E qual é essa realidade? É um sector que tem um peso preponderante na chamada economia do mar, como se lê no preâmbulo do decreto-lei governamental que instituiu o grupo de trabalho, e que, na Europa, representa cerca de 5,4 milhões de postos de trabalho e gera um valor acrescentado bruto de cerca de 500 mil milhões de euros por ano –  e no qual a marinha mercante é responsável por 195 mil milhões de euros de valor acrescentado (39% do total da economia do mar) e 40% da totalidade de empregos (2,2 milhões de postos de trabalho).

A importância deste sector é reconhecida pela Comissão Europeia, que desde há dez anos tem vindo a tomar medidas para inverter a tendência de saída dos navios europeus para outras bandeiras de países com regimes legais e fiscais bem menos onerosos. Uma das medidas positivas que então avançaram foi a criação de Registos Internacionais de Navios, que permitiu acompanhar melhor a evolução do sector.

Nesses dez anos, a frota europeia cresceu 32%, chegando a 2015 com 23 mil navios registados. Pelo contrário, e no mesmo período de dez anos, a frota portuguesa emagreceu 34%, chegando ao final de 2014 com apenas dez navios. Este contínuo movimento de decréscimo começou nos anos 1980, quando Portugal tinha 97 navios com bandeira nacional.

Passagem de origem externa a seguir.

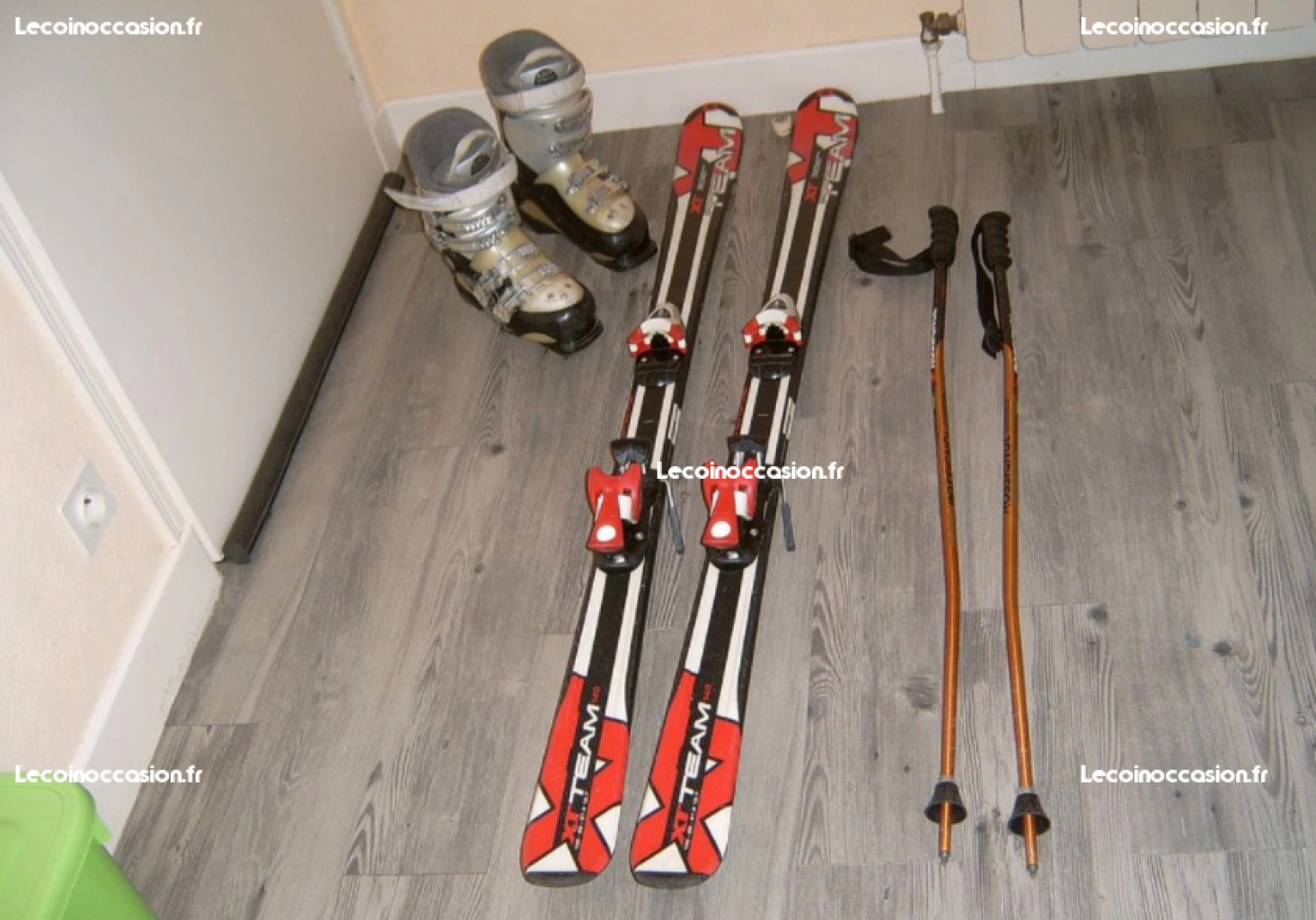Chaussures Atomic ( pointure 35-36) + Ski de descente 140cm Tecno Pro + batons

O grupo de trabalho criado pelo Governo tem a missão específica de concluir, até ao final do primeiro semestre deste ano, uma série de propostas legislativas, que considerem o benchmark europeu e a realidade portuguesa. A adopção de regimes fiscais mais favoráveis estarão, seguramente, entre elas. O diploma instituiu ainda que essas medidas deverão entrar em vigor no início de 2017.

Pelo seu lado, o presidente da AAMC já identificou as medidas que considera prioritárias e desfiou-as num seminário recente no Porto. Entre elas surge a correcção de algumas deficiências nas acessibilidades aos portos, de modo a facilitar o desembaraço dos navios, a resolução dos problemas no trabalho portuário (pacificando todos os conflitos com os estivadores, sobretudo no Porto de Lisboa), o estabelecimento de um novo modelo de governação dos portos e eliminar o excesso de burocracia e formalidades.

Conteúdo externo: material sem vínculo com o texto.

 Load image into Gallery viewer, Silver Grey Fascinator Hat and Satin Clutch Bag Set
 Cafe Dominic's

“A competitividade dos navios pode ser aumentada se se alterarem as políticas de 'auxílios do Estado', e antes adaptando e estabilizando o sistema fiscal. Aliás, em termos de custos para os donos das cargas, não é o preço dos serviços portuários o mais determinante, mas sim a eficiência e a eficácia, que se mede na pontualidade, na rapidez, na fiabilidade”, lembrou Rui Raposo.

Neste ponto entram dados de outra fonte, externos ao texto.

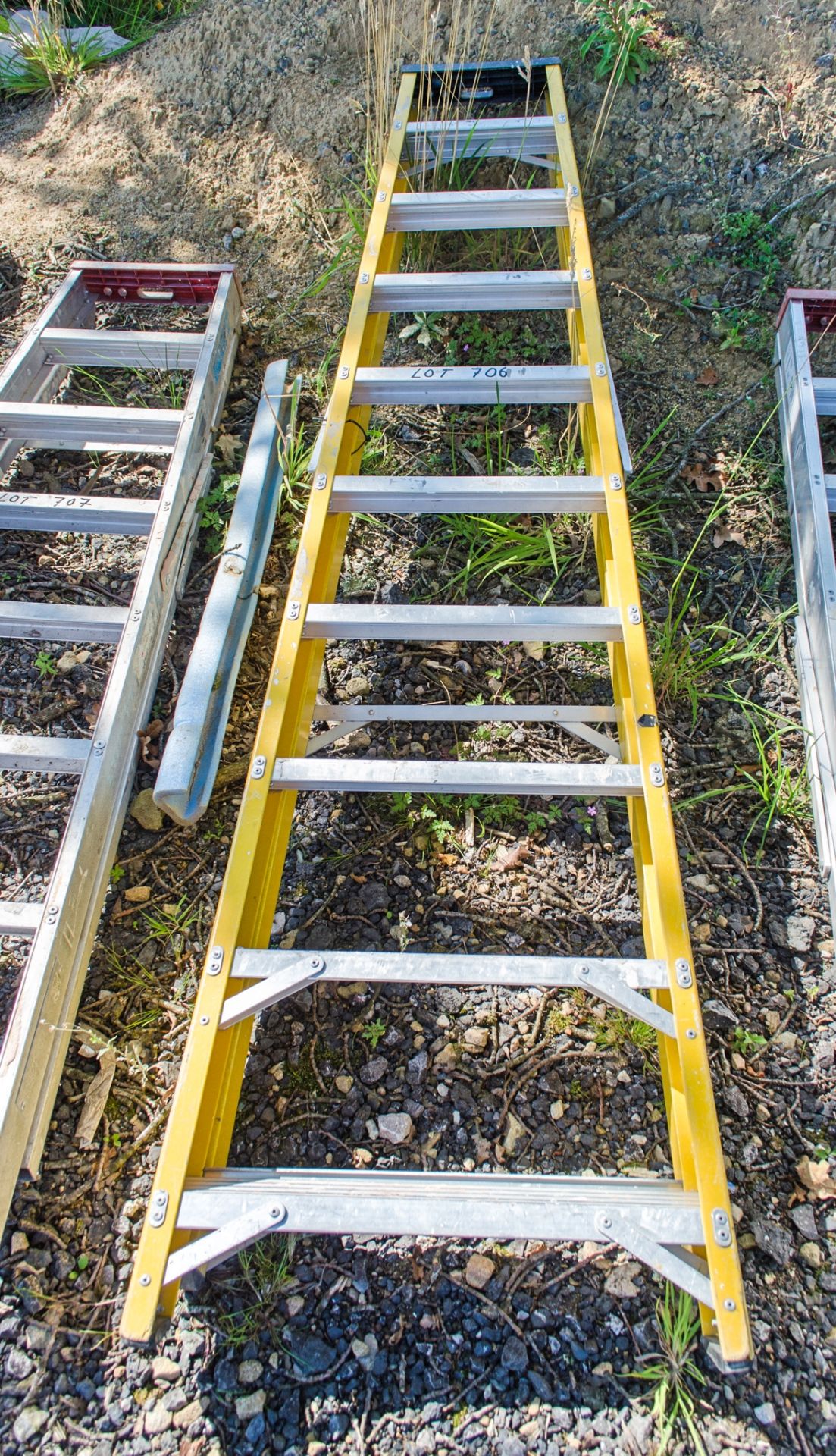 10 tread glass fibre framed step ladder 191112702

Por isso, uma das medidas que defende para garantir a necessária eficiência e eficácia nos portos, e num claro recado à Autoridade da Concorrência que está a elaborar um estudo para o sector, é que “não se deve confundir 'posição dominante do mercado' com situações em que a concentração é necessária para que o operador ganhe massa crítica e envergadura financeira para investir na modernização dos portos”.

Aliás, e na mesma linha, a Associação de Armadores defende que os resultados positivos das administrações portuárias não deveriam servir para pagar dividendos ao accionista Estado mas antes serem reinvestidos nos portos, nomeadamente na redução da factura portuária.